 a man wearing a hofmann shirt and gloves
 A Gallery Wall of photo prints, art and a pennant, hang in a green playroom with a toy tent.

---

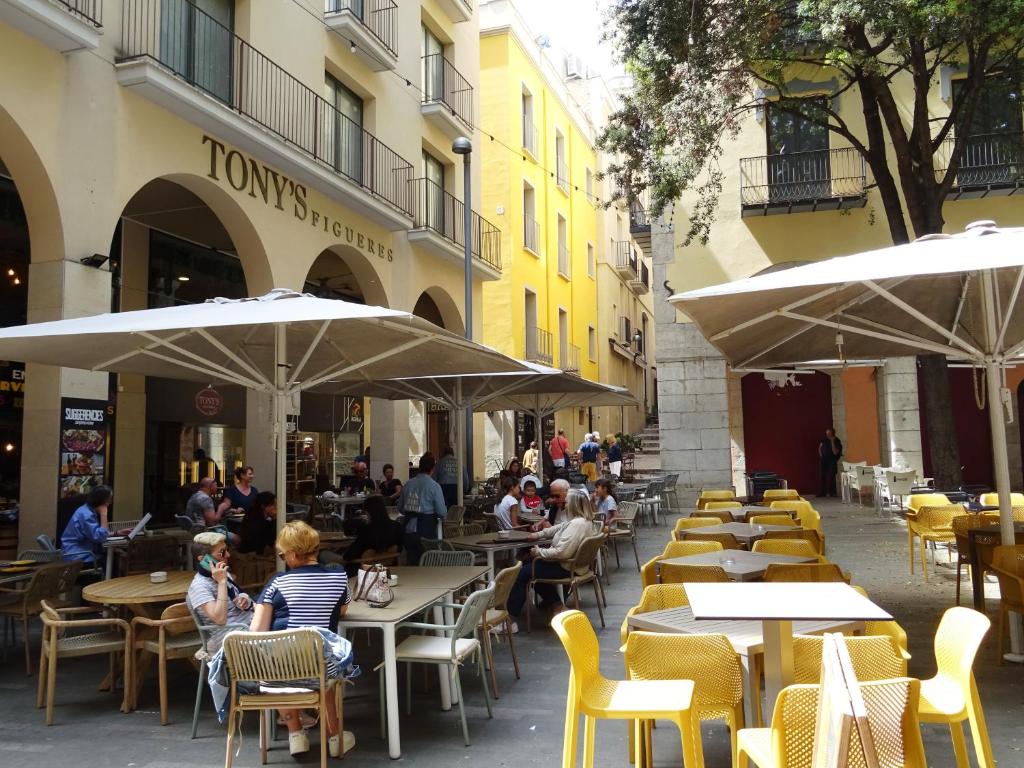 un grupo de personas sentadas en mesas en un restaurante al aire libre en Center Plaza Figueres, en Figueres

---

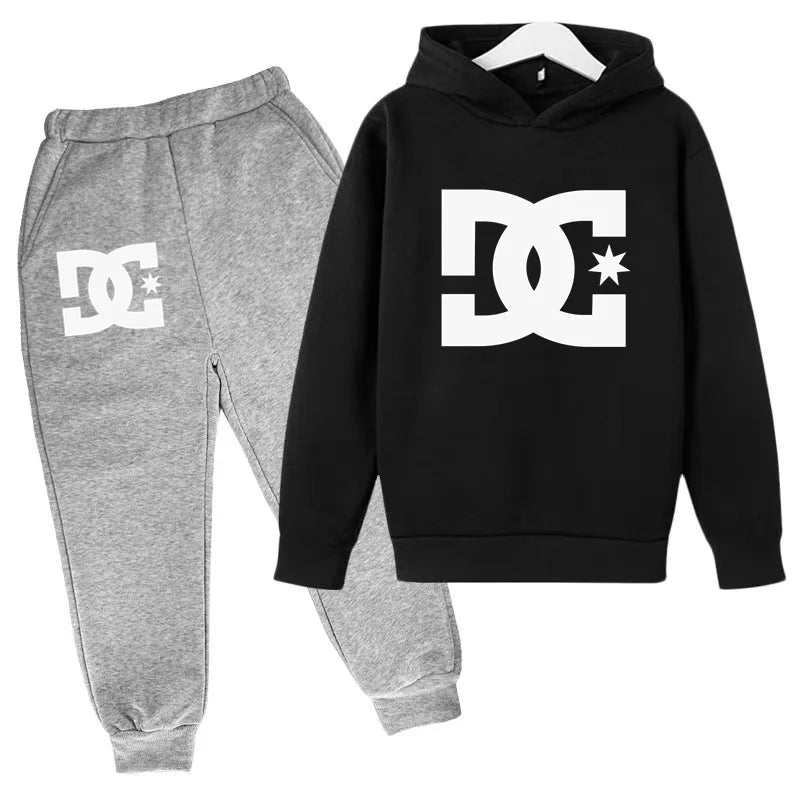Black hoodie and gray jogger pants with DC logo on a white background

---

**EXERCISE PROMPT**
What are the lines above, starting at the one with "a man wearing a hofmann shirt and gloves" and ending at the one with "A Gallery Wall"? Give them again exactly, and only them.

**TASK SOLUTION**
 a man wearing a hofmann shirt and gloves
 A Gallery Wall of photo prints, art and a pennant, hang in a green playroom with a toy tent.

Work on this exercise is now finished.